TEMPO.CO, Jakarta - Anggota Mahkamah Kehormatan Dewan dari kubu Koalisi Merah Putih tak terima mantan Ketua Dewan Perwakilan Rakyat Setya Novanto akan dijatuhi vonis dalam kasus pelanggaran etika “papa minta saham”. Menurut anggota MKD dari Fraksi Partai Golongan Karya, Ridwan Bae, kasus tersebut telah selesai dan tidak akan ada vonis setelah Novanto mundur dari jabatannya sebagai Ketua DPR.
Ridwan mengatakan kasus itu sudah berhenti dengan dasar hasil keputusan rapat pada 16 Desember lalu.

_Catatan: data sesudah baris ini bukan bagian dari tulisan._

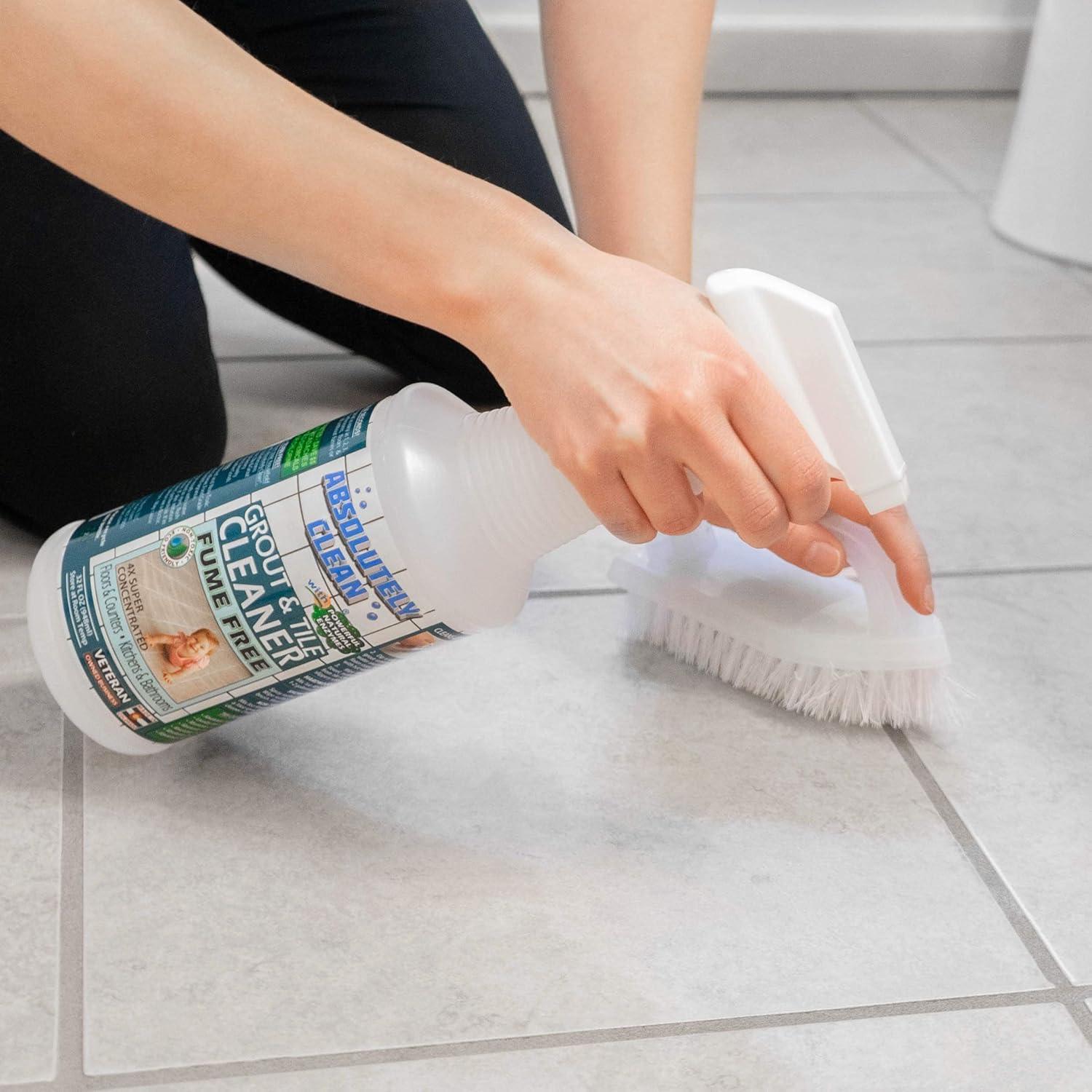 AMAZING GROUT CLEANER: Best Grout Cleaner For Tile and Grout Cleaning, Natural Enzymes Clean Even the Dirtiest Grout, Best Grout Cleaner for Ceramic, Marble & Stone - USA Made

Apalagi, ucap dia, keputusan itu diambil setelah MKD menerima surat pengunduran diri Setya dan dibacakan secara terbuka. "Sangat politis kalau ada vonis," ujarnya ketika dihubungi, Selasa, 29 Desember 2015.

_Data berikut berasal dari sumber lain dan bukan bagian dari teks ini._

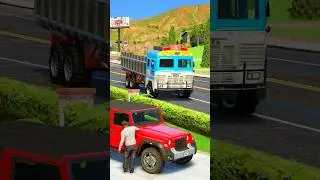 Mahindra Thar vs Tata Truck 😲 #youtubeshorts #shorts #viral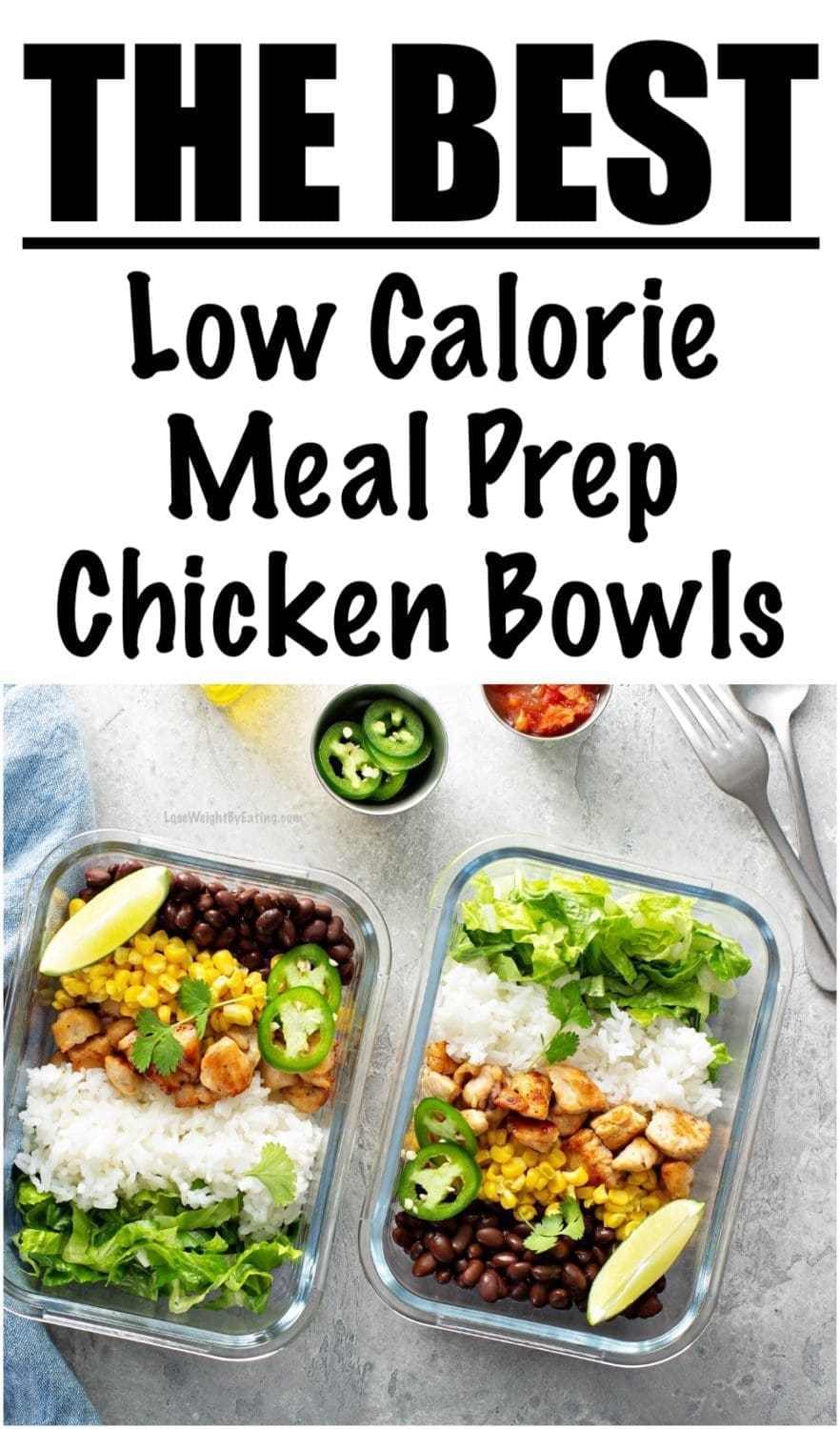 High Protein Low Calorie Lunch Bowls for Weight Loss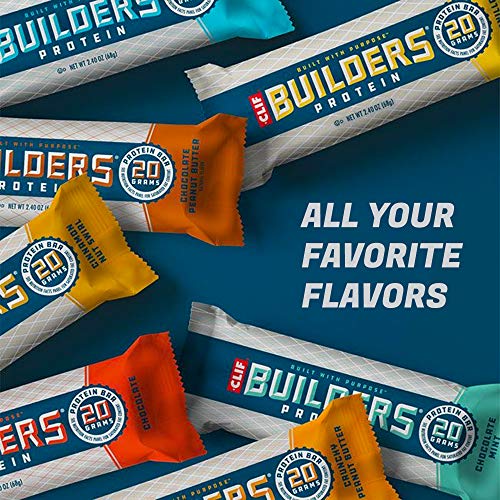 Clif Builders Protein Bar - Crunchy Peanut Butter, Chocolate Pe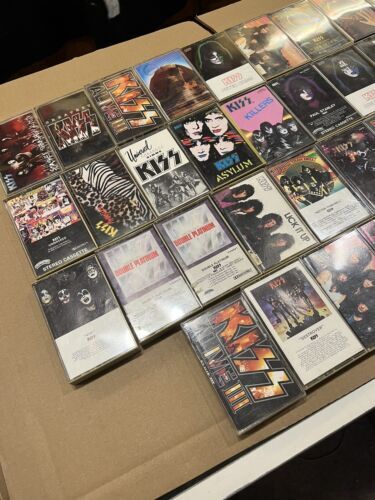 kiss cassette lot gene simmons rock and roll rare killers asylum 37 tapes! 海外 即決_kiss cassette lot 2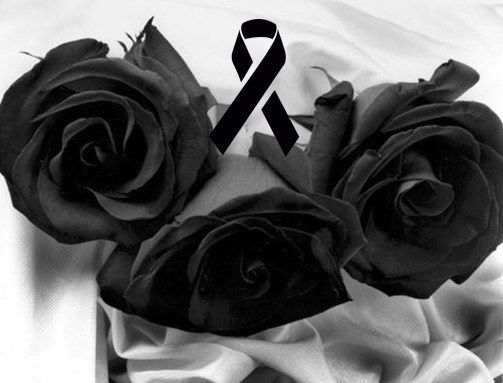 Imágenes de rosas negras para luto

Sebab, ucap dia, vonis diberikan oleh orang-orang partai. Padahal, menurut Ridwan, Golkar sudah mengajukan tim panel untuk memeriksa Setya. Tim panel yang melibatkan ahli merupakan konsekuensi dari sanksi berat MKD. "Kalau berat, putusan lebih adil," tuturnya. "Setya mundur pun sama dengan risiko sanksi sedang."
Rangkaian sidang Setya berhenti saat pembacaan putusan karena politikus Golkar itu mendadak mengundurkan diri sebagai Ketua DPR. Padahal, dalam sidang pada 16 Desember lalu, semua anggota MKD menyatakan Setya melakukan pelanggaran etik karena mencatut nama Presiden Joko Widodo dan Wakil Presiden Jusuf Kalla untuk meminta saham PT Freeport Indonesia serta pembangkit listrik tenaga air di Urumuka, Papua.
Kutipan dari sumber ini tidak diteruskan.